What are the benefits of the Kinematics approach versus traditional modeling?
Kinematics represents a new approach to manufacturing, which tightly integrates design, simulation, and digital fabrication to create complex, customized products. Our approach is completely different from traditional modeling and CAD software. The whole system is built up around the logic of a mechanism, in this case a hinge, which has been optimized for 3D printing and whose behavior we can simulate. Users interact with kinematics at a high level through an online design tool that lets them sculpt clothing shapes and “paint on” density and styles. Meanwhile, in the background the system is taking care of generating and connecting together all the geometry with our hinge mechanism. At the end of the design process, we have a 3D-printable piece of clothing made of thousands of panels interconnected by hinges. Rather than just ending up with big heavy file containing a bunch of “dumb” geometry, we end up with a smart structure that we understand as rigid panels connected by hinges. Because we understand the behavior of the geometry, we can use simulation to compress it down for efficient 3D printing.
What do you see for the future of 3D printing in clothing and fabrics?
We are particularly intrigued by how 3D printing applies to clothing in two areas: new meta-fabrics and customization.
Additive manufacturing has to ability to create very complex structures. In the world of clothing and fabrics, this is particularly intriguing because we are already talking about constructed materials. Fabrics produced from fibers that are aggregated and connected to create cloth with certain properties. For instance, knit cotton has stretch and woven cotton does not. Typically these material properties are constant throughout a whole piece of fabric. With 3D printing, we can start to create really weird fabric-like assemblages or mashups. We can print a textiles with gradations of material properties like stretch, flex, warmth, color, etc.
3D printing also favors the production of hyper-customized, one of a kind goods. We will see more apps like Kinematics that create custom-fit clothing and accessories from body data.
How does this fit into your broader collection?
Nervous System’s goal is to use computation and new fabrication techniques to make products that push the boundaries of what is possible. Most of our work starts with an inspiration from nature that eventually is translated into some sort of digitally fabricated, customized product. In this project, we actually started on the other end, being inspired by the technology itself and ultimately creating our own material system and form generating process.
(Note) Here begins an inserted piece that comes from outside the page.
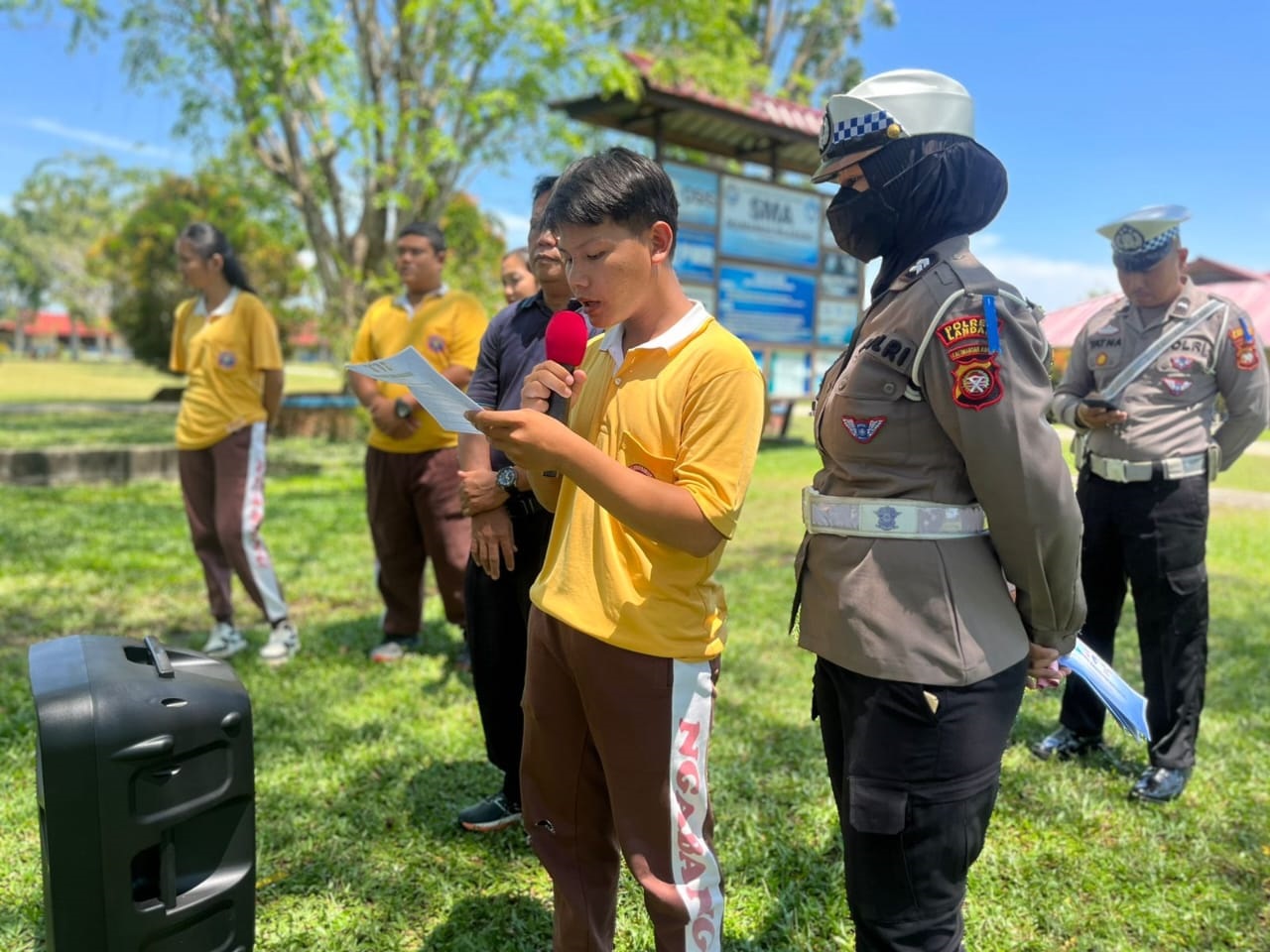 SOSIALISASI: Satlantas Polres Landak saat menggelar sosialiasi dalam rangka operasi zebra di SMAN Mani Amas di Ngabang, Jumat (18/10).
How did MoMA get involved?
We met Paula Antonelli, the Senior Curator of Architecture & Design of the Museum of Modern Art, at an event this year where were demoing an early version of Kinematics Cloth app and displaying our Kinematics Bodice. She expressed interest in acquiring a Kinematics Dress for the MoMA collection… the only problem was we hadn’t made one yet. There were actually a number of design and technological hurdles we had to overcome before we could make a full dress. Even up to the last moment, just days before they needed it, we weren’t sure we would be able to deliver their final piece.
What’s next for Kinematics?
There are a lot of possible directions for Kinematics including new products, improved software and incorporating different mechanisms and structures. We’re doing more material experiments to explore how different types of connections can lead to different fabric behaviors. There are also still many improvements we can make to our folding algorithm to increase speed, accuracy and generality for other shapes. Another avenue we’d like to explore is creating a locking joint that would allow us to print a folded object that would snap into a rigid configuration when unfolded.